Records from a dataset:
------------------------------------------------------------

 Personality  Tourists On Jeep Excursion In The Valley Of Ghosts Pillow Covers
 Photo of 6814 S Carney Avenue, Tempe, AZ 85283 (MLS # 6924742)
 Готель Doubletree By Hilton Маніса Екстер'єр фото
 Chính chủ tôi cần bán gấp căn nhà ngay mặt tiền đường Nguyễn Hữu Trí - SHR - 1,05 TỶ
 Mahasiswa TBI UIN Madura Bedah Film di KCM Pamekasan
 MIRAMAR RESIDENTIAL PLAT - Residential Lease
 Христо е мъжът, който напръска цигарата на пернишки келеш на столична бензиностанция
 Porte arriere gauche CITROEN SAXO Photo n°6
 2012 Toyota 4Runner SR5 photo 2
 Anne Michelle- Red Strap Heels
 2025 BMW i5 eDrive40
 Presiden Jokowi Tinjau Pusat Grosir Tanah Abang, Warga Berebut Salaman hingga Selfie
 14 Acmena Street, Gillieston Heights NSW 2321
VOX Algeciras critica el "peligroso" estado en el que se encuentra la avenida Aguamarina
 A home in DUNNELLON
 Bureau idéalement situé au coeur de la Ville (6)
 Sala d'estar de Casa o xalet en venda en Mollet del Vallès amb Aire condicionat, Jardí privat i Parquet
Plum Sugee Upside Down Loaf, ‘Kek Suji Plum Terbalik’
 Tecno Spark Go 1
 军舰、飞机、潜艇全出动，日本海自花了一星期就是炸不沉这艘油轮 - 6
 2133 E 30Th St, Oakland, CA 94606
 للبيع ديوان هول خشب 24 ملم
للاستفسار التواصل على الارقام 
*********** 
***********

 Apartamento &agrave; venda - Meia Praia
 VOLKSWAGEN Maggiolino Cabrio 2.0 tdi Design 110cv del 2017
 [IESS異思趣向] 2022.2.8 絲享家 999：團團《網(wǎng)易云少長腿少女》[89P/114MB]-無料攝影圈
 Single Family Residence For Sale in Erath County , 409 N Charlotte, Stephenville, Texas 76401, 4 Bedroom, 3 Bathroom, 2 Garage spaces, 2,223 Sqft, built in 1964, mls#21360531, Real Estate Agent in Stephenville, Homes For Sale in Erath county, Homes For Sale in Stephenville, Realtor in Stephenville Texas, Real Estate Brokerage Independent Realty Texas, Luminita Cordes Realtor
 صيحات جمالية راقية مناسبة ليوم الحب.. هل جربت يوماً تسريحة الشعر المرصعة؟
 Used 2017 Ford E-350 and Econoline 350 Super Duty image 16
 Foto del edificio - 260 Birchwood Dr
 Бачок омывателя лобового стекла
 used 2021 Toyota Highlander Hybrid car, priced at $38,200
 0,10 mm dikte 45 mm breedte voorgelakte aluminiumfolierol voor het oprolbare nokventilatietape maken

------------------------------------------------------------

Where the string "Toyota" appears in a line of the entries above, return that line.

Your solution:
 2012 Toyota 4Runner SR5 photo 2
 used 2021 Toyota Highlander Hybrid car, priced at $38,200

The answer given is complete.